【平成合併の検証】

◎対照的な二つの報告書

 先日のことだが、全国町村会がまとめた「『平成の合併』をめぐる実態と評価」が届いた。昨年10月から今年3月にかけて「道州制と町村に関する研究会」が調べた労作である。
 合併したところ、合併を見送ったところを合わせた17市町村に事務局職員が出向いて首長や元首長、自治体職員、議会関係者、それに地域づくりに携わるNPO関係者らから直に話を聞いたものだ。
 現場の声を聴取して明らかになったのは、国が総力を挙げて進めた平成の大合併が「地域共同社会」の取り組みの重要性を見落としていたのではないか。地域再生には、この「共同社会」をいかに維持・再生するかを念頭に置くべきだ―と結論づけていることである。

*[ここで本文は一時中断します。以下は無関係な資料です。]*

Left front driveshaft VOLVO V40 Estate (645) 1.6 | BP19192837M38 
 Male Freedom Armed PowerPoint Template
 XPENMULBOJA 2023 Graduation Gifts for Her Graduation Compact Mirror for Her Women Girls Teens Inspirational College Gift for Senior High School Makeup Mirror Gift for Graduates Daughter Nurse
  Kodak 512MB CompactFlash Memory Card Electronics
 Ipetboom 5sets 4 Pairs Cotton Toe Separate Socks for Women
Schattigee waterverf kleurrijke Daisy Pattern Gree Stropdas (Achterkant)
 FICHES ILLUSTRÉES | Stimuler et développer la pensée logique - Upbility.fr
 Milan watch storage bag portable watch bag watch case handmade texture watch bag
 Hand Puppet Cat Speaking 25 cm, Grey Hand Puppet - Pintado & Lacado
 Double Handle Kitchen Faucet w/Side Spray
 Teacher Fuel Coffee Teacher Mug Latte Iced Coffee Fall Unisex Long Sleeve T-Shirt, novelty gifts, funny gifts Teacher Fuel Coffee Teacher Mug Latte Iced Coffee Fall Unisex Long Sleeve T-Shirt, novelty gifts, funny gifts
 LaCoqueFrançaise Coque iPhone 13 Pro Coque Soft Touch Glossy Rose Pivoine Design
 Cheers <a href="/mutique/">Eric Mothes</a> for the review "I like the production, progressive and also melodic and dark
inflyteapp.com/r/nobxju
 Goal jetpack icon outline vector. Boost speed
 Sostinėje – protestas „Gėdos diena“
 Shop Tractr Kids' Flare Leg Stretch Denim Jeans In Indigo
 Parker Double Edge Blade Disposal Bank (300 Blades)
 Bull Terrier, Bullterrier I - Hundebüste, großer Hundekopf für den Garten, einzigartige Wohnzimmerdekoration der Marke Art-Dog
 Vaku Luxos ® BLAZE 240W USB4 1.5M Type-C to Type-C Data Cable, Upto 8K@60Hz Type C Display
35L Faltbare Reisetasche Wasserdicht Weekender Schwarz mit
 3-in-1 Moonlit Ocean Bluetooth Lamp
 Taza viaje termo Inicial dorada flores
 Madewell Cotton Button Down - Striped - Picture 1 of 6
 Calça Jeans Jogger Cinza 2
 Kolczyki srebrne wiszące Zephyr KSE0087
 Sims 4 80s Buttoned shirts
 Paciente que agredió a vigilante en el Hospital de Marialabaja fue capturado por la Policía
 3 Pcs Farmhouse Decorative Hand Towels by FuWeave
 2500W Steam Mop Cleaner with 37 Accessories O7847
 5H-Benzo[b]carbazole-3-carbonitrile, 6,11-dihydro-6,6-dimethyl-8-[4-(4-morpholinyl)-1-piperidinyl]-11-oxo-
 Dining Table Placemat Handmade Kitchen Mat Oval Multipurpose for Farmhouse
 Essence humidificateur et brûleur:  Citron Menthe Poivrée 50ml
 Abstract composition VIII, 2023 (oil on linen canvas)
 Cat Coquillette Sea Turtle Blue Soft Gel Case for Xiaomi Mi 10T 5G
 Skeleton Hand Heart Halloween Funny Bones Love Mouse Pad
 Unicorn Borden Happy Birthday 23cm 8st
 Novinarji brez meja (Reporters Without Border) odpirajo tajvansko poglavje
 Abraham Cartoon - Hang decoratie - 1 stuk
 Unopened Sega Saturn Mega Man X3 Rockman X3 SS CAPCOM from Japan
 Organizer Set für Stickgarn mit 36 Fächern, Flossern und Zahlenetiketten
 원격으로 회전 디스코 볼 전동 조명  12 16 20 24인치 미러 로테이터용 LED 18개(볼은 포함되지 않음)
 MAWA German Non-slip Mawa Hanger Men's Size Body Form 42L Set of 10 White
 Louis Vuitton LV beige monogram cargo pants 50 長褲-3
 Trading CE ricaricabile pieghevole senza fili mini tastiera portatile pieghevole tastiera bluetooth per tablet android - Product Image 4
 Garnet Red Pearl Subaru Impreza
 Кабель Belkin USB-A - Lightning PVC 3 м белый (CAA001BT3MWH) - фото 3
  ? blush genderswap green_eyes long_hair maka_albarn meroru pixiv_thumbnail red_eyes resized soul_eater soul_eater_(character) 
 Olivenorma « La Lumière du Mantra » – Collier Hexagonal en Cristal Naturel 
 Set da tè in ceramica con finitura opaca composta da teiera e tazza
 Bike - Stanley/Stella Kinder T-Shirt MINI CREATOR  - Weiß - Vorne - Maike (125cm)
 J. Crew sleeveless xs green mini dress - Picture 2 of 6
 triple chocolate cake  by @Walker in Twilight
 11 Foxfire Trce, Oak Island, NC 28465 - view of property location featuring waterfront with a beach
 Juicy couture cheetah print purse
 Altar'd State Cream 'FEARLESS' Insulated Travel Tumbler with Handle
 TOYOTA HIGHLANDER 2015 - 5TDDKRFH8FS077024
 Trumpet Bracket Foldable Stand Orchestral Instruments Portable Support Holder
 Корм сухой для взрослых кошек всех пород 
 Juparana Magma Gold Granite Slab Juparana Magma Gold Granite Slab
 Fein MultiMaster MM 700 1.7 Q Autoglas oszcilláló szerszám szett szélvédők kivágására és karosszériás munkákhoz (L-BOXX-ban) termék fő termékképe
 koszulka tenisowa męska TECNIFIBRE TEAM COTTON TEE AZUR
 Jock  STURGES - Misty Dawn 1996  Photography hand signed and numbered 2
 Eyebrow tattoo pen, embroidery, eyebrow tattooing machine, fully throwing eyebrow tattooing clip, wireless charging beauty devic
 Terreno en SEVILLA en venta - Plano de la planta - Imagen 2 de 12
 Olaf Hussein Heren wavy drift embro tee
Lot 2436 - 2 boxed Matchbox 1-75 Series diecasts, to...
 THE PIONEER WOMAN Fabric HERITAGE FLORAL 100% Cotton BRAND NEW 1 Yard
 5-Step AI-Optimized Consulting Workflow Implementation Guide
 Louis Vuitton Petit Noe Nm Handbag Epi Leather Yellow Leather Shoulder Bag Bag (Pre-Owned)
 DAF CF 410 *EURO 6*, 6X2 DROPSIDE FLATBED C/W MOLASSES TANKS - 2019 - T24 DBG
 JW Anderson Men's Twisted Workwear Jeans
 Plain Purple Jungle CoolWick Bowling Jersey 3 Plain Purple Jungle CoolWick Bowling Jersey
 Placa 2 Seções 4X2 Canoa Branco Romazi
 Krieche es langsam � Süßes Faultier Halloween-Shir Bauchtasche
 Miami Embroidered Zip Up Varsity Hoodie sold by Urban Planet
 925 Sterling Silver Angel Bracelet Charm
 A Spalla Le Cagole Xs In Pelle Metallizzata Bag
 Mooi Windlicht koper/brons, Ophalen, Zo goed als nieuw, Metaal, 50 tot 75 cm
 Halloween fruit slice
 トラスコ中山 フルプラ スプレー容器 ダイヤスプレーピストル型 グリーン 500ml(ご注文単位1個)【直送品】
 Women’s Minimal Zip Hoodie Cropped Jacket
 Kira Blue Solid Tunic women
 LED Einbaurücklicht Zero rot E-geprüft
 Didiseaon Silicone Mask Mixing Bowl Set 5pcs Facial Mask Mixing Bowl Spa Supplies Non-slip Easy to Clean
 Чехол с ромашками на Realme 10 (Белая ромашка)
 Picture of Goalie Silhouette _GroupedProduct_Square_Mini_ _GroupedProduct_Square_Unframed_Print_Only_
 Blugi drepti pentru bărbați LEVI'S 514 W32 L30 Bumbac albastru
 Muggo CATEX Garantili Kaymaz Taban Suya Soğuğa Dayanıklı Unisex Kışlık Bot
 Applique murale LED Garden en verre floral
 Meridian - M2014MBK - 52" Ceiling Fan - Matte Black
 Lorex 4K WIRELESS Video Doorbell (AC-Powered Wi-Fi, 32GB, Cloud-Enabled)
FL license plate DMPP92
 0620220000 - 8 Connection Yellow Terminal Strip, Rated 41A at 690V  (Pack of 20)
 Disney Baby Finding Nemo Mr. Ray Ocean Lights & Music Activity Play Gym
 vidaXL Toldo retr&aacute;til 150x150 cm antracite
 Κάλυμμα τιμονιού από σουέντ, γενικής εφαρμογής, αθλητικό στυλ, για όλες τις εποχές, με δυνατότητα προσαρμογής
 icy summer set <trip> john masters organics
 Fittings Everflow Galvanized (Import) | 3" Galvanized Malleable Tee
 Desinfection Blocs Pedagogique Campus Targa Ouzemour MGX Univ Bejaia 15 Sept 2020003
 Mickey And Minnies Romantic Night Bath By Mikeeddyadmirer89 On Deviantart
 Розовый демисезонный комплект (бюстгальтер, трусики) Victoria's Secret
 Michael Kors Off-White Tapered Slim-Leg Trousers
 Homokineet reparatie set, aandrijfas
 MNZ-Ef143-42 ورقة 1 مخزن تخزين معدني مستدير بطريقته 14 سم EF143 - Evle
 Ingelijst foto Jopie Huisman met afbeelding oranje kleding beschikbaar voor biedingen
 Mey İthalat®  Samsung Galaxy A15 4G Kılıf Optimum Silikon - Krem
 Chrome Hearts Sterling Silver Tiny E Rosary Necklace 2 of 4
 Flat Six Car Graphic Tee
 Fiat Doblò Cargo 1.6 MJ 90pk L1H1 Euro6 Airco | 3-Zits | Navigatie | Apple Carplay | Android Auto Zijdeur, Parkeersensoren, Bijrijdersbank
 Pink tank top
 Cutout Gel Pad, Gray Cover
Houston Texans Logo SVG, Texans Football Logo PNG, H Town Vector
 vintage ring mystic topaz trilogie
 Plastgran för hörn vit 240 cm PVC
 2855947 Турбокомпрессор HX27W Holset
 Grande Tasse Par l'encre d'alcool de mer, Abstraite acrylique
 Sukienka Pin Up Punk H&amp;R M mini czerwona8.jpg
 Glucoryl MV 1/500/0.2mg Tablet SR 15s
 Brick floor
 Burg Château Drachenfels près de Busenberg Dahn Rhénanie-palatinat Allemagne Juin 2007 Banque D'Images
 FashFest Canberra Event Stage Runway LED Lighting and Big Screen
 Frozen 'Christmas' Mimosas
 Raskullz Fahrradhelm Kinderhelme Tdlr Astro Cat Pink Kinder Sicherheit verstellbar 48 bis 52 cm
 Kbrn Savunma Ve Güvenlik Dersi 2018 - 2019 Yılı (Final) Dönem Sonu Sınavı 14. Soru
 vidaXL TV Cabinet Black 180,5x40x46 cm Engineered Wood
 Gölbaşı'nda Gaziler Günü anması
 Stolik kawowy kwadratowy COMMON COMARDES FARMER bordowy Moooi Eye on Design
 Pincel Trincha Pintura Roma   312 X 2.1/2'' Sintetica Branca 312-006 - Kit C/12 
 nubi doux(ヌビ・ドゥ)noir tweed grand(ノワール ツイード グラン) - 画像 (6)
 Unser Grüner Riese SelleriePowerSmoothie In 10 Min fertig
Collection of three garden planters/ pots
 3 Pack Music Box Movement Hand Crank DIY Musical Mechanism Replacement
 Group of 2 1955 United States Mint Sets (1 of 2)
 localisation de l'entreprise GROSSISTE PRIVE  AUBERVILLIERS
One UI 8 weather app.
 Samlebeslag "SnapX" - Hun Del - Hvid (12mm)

 平成の大合併については様々な論議が交わされている。
 地方分権改革の道程としての必要論が、とりわけ東京・霞が関や永田町で大きかったし、将来の道州制をにらんで避け難い自治体の再編とする主張が大半だ。
 一方で長い時代を経て培われた地域の特性が、行政の合理化・効率化で失われる現実を危惧する声が多いのも事実である。分権改革がいつの間にか国の財政危機を乗り越えるための手段にすり替えられてしまっているという批判だ。
 その違いを際立たせているのが、今回の全国町村会報告書と総務省の「市町村の合併に関する研究会」が今年6月に公表した「『平成の合併』の評価・検証・分析」だろう。読み比べると、平成の大合併に潜む問題点が浮き彫りになってくる。
 
 二つの報告書の分量にさほどの違いはないが、町村会のそれは匿名ながら現場の生の声を紹介しながら合併を検証していることだ。いろいろな事情から合併しなかった町村をめぐる状況も同じように具体的に記述されている。
 「匿名」に若干の不満はあるが、国や都道府県との関係を考えれば、匿名でしか本音が語れない地域の事情は十分理解できる。国と都道府県、市町村の「上下関係」をなくすのが地方分権とはいうものの、地方行政・地域行政を担う立場からの互いの関係が「言うに言われぬ微妙なもの」であることに違いはない。カネ、モノを取ってみても「対等な関係」は現実にはない。
 合併は地域に何をもたらしたのか。
 町村会の報告書は合併のプラスとマイナスを検証すると同時に、合併を選択しなかった町村の可能性についても具体的に論じている。
 その上で、合併推進の問題点として冒頭に記したような課題を挙げている。

一方の総務省研究会の報告書は全体の3分の1強が合併に関する調査資料という、総務省ならではのデータが示されており、「生の声」を中心とした町村会のそれとは対照的でさえある。
 総務省研究会報告は、まず「はじめに」で「時限法の合併新法の期限が平成22年3月に迫っている」と注意を喚起し、平成大合併が必ずしも想定どおり進んでいない現状認識を示した。その上で、合併の効果は「合併後数年しか経っていない現時点においては、短期的な影響の分析に止まらざるを得ない」と直接的な言及を避けた。
 しかし、報告は最後の「合併新法下における今後の市町村合併のあり方」で、合併進捗状況に対する自治体の取り組みが十分なされていないという認識を示している。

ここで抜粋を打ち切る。